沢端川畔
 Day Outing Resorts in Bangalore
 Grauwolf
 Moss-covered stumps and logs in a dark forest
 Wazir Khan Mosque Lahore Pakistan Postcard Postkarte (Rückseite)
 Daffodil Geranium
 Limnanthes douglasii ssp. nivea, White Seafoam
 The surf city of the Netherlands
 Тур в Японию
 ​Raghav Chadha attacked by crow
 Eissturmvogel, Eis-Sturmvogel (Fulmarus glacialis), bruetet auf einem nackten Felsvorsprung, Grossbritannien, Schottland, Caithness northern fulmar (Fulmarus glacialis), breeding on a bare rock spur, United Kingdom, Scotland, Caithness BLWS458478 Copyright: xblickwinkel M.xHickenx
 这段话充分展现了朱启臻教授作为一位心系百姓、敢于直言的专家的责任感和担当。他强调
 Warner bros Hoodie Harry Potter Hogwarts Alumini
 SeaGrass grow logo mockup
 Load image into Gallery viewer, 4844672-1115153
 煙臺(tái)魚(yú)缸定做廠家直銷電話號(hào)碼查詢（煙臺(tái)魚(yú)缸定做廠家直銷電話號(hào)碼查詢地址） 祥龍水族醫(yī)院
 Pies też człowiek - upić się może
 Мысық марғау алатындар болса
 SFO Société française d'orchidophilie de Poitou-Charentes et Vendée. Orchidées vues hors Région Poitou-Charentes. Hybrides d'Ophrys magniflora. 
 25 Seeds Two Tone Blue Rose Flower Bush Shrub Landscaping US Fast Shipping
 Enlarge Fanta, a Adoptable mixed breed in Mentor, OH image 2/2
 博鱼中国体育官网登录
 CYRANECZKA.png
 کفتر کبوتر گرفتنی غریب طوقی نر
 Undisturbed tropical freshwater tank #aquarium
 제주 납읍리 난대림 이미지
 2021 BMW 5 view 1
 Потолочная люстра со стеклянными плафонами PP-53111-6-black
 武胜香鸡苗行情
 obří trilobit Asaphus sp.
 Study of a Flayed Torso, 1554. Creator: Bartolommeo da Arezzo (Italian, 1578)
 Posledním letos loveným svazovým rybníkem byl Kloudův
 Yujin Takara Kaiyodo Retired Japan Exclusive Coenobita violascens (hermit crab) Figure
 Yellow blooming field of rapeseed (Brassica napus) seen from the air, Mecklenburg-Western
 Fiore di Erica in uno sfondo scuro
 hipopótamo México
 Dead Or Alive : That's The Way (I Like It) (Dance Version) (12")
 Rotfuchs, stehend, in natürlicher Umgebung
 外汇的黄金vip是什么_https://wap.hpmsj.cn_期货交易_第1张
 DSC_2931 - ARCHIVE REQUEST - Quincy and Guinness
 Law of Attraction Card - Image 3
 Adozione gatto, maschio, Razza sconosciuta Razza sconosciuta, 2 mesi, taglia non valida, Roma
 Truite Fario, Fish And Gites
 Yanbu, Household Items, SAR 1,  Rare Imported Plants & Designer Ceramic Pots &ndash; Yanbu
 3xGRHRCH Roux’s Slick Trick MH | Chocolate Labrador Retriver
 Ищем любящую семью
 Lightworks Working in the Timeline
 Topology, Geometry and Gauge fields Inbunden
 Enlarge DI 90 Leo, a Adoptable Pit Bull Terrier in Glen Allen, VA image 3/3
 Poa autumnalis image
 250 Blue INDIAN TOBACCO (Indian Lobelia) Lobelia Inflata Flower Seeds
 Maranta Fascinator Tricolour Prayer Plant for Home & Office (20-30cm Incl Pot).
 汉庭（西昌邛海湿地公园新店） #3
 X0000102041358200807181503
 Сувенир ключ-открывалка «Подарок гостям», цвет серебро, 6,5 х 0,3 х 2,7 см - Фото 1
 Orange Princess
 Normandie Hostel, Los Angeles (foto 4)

The task: In the listing above, find the line with "The surf city of the Netherlands" and the line with "Posledním letos loveným"; set down exactly those two lines and every line between them, nothing more.

Answer box:
 The surf city of the Netherlands
 Тур в Японию
 ​Raghav Chadha attacked by crow
 Eissturmvogel, Eis-Sturmvogel (Fulmarus glacialis), bruetet auf einem nackten Felsvorsprung, Grossbritannien, Schottland, Caithness northern fulmar (Fulmarus glacialis), breeding on a bare rock spur, United Kingdom, Scotland, Caithness BLWS458478 Copyright: xblickwinkel M.xHickenx
 这段话充分展现了朱启臻教授作为一位心系百姓、敢于直言的专家的责任感和担当。他强调
 Warner bros Hoodie Harry Potter Hogwarts Alumini
 SeaGrass grow logo mockup
 Load image into Gallery viewer, 4844672-1115153
 煙臺(tái)魚(yú)缸定做廠家直銷電話號(hào)碼查詢（煙臺(tái)魚(yú)缸定做廠家直銷電話號(hào)碼查詢地址） 祥龍水族醫(yī)院
 Pies też człowiek - upić się może
 Мысық марғау алатындар болса
 SFO Société française d'orchidophilie de Poitou-Charentes et Vendée. Orchidées vues hors Région Poitou-Charentes. Hybrides d'Ophrys magniflora. 
 25 Seeds Two Tone Blue Rose Flower Bush Shrub Landscaping US Fast Shipping
 Enlarge Fanta, a Adoptable mixed breed in Mentor, OH image 2/2
 博鱼中国体育官网登录
 CYRANECZKA.png
 کفتر کبوتر گرفتنی غریب طوقی نر
 Undisturbed tropical freshwater tank #aquarium
 제주 납읍리 난대림 이미지
 2021 BMW 5 view 1
 Потолочная люстра со стеклянными плафонами PP-53111-6-black
 武胜香鸡苗行情
 obří trilobit Asaphus sp.
 Study of a Flayed Torso, 1554. Creator: Bartolommeo da Arezzo (Italian, 1578)
 Posledním letos loveným svazovým rybníkem byl Kloudův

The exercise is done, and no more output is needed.